An epileptic beneficiary who was injured during the ill-fated $100,000 “cash drop”believes organisers should apologise for duping attendees and compensate people who received fake cash.
John Murphy, 27, says he spent $200 travelling to Auckland from his Levin home to attend the promotional stunt in December organised by The Safety Warehouse.
Though marketing material described the event as a “$100k live Cash Giveaway” in which real money would fall from the sky, a Commerce Commission investigation found just $3600 in actual cash was given out.
The event turned violent when the 1600 attendees realised most of the notes were fake money, which could only be used as discount vouchers for the company’s online safety products.
Murphy, 27, said many of those who turned up in December were struggling beneficiaries hoping for a Christmas cash bonus.
“We were essentially left out of pocket saying, ‘What the heck, we’ve been ripped off’.”
Murphy, who suffers from epilepsy and took precautions before the event to reduce his risk of an epileptic fit, said he grabbed about $180 in $5 bills before realising they werefake.
The crowd then became violent in what he described as a “riot”.
“I got pushed and shoved and nearly had my glasses broken. I ended up with bruises and grazes.”
After the event, Murphy started a petition calling on The Safety Warehouse to compensate anyone who received what he describes as “useless” fake notes with real money.
He was disappointed that the police and Commerce Commission had decided not to prosecute the company, and called on event organisers to front up and provide compensation.
“Where’s our justice? Where’s our refund?
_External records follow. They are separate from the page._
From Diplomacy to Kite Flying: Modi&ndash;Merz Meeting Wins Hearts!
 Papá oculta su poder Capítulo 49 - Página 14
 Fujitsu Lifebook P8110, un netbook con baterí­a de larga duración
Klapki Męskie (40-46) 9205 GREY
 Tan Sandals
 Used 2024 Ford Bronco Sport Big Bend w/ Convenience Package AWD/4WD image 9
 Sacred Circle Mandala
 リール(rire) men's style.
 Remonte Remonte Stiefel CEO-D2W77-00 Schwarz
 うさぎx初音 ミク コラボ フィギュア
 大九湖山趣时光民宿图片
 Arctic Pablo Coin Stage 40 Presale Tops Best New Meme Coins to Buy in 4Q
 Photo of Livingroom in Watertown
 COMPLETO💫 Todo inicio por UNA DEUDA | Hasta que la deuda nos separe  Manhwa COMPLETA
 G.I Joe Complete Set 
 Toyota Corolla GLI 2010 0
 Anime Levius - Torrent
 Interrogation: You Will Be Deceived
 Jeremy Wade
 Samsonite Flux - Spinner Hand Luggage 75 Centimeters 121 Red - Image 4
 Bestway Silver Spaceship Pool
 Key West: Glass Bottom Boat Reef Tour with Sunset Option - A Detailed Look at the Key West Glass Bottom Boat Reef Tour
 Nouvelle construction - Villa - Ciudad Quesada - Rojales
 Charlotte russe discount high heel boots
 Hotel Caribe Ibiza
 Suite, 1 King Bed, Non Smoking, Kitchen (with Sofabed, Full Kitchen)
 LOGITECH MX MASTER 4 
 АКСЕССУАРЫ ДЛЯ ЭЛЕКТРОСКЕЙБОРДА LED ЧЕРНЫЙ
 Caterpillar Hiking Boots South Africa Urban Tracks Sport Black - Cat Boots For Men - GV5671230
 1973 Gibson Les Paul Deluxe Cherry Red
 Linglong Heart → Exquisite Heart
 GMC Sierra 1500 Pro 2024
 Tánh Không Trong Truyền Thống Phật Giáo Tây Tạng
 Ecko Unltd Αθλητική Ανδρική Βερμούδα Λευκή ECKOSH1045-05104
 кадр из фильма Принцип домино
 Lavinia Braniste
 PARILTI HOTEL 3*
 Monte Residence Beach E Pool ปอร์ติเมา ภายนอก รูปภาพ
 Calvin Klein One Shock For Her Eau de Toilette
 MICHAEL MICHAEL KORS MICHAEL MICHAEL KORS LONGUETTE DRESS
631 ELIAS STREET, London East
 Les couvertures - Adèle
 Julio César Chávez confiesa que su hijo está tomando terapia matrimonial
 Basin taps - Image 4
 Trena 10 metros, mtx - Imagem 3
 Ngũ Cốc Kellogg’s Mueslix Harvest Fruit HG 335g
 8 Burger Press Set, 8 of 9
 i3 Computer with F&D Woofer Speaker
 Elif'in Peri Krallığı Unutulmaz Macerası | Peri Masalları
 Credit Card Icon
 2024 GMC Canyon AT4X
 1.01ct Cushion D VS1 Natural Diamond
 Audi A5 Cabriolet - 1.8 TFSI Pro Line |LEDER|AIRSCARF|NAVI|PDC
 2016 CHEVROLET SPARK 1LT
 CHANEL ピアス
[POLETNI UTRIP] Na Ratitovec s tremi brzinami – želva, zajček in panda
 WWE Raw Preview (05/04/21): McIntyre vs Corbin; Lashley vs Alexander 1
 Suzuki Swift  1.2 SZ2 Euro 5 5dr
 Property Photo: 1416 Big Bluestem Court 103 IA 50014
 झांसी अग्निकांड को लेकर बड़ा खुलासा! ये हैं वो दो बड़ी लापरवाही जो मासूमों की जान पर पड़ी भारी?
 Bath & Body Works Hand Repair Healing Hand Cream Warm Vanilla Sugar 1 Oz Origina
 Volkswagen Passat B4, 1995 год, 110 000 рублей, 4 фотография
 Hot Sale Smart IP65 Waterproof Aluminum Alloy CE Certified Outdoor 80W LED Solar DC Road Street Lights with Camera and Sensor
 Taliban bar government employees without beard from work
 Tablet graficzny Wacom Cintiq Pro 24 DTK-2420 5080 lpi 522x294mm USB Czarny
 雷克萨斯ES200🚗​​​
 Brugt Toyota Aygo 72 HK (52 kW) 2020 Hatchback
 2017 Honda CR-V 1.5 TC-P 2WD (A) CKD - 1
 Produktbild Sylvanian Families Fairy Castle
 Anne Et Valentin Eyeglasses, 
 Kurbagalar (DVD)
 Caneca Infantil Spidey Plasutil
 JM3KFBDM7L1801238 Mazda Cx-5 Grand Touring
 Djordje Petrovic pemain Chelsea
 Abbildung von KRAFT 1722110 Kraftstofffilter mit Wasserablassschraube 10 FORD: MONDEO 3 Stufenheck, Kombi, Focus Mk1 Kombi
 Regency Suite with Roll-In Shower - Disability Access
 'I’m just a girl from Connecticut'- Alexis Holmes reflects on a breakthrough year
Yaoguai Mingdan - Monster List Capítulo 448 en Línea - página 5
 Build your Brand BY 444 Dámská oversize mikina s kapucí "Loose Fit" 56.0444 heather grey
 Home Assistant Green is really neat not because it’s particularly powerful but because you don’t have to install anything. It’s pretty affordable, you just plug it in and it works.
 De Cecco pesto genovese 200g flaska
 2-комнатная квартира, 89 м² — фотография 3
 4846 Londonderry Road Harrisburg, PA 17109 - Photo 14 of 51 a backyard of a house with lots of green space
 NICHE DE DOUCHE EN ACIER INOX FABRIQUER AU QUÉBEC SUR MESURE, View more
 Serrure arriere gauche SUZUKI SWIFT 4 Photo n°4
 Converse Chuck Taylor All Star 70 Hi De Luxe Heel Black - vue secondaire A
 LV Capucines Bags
You need to do the right thing.”
The Commerce Commission opted to issue a formal warning to Greenback Ecommerce Ltd, trading as The Safety Warehouse, for engaging in conduct that was likely to have breached the Fair Trading Act.
Greenback Ecommerce owner Andrew Thorn told investigators the event’s marketing was designed to “entice people”.
But there had been no intention to drop $100,000 in real money and he believed there was “little reason” for anyone to believe that much legal tender would be given away.
“This is another kick in the guts,” Murphy told the Herald.
“The police and Commerce Commission won’t take any action. [The company] has not offered any form of compensation to say, ‘Hey we got it wrong’.”
Thorn’s company was fined $30,000 in December by Internal Affairs for sending thousands of unsolicited text messages.
Murphy said he thought the company had clearly not learned its lesson.
“This time you’ve ripped off vulnerable members of the public who really believed they had a chance of winning their share of free cash.”
Murphy said Thorn had not taken responsibility or offered any apology to those people who were misled.
“Hopefully they will do the right thing, say sorry and pay up.”
Murphy wrote to Thorn’s company in December asking to discuss the event, saying he was “open to talking with you about rectifying the problem”.
The company wrote back warning that “your previous actions & lies will be released to the media”.
“We recommend you withdraw your petition immediately.”
Murphy said he felt the email was a threat. He had no idea what “lies and action” the company was referring to and had not removed the petition.
Thorn said his company had not threatened Murphy, whom he referred to as an “unreliable source”.
“The recommendation of removal for the petition was to assist Mr Murphy with his exposure to legal proceedings.”